Derrière la succession des réformes, l’objectif d’en finir avec l’assurance-chômage

Mais un objectif fondamental demeure : économiser 4 milliards d’euros par an, ce que cette nouvelle réforme permettra, comme les deux précédentes. Ce régime forcé vise à transformer un droit pour lequel nous contribuons et payons des impôts en une aumône très conditionnelle.

Nos droits et protections collectifs diminuent, mais nous payons toujours autant, sinon plus.
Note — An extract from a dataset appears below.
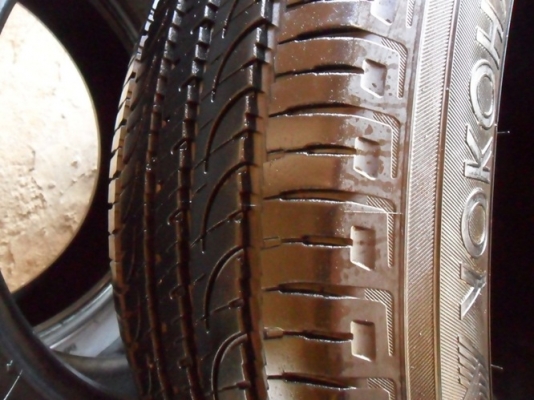 ยางขอบ17 โยโกฮาม่า 225-65-R17ลงพื้นปี13(4เส้น3,900บ)ดอกหนามาก90\%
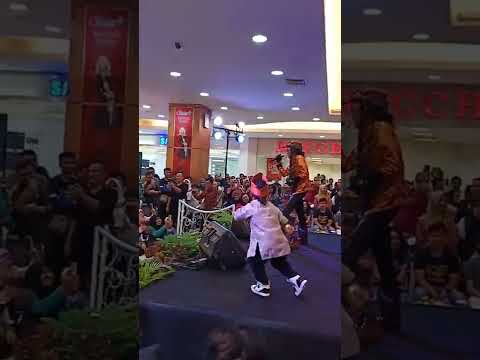 Wak Kocai Live Performance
Mais là où nos impôts et nos cotisations étaient utilisés pour subvenir aux besoins les uns des autres, ils sont de plus en plus utilisés pour une chose : faire remonter la moula aux employeurs et aux actionnaires. Chaque année, l’Etat dépense 157 milliards d’euros pour soutenir les entreprises privées. Et c’est nous qui sommes chers ?

Cette réforme n’est qu’une étape. Cela continuera jusqu’à ce qu’il ne reste plus rien. Du moins, tant que « ça dure ».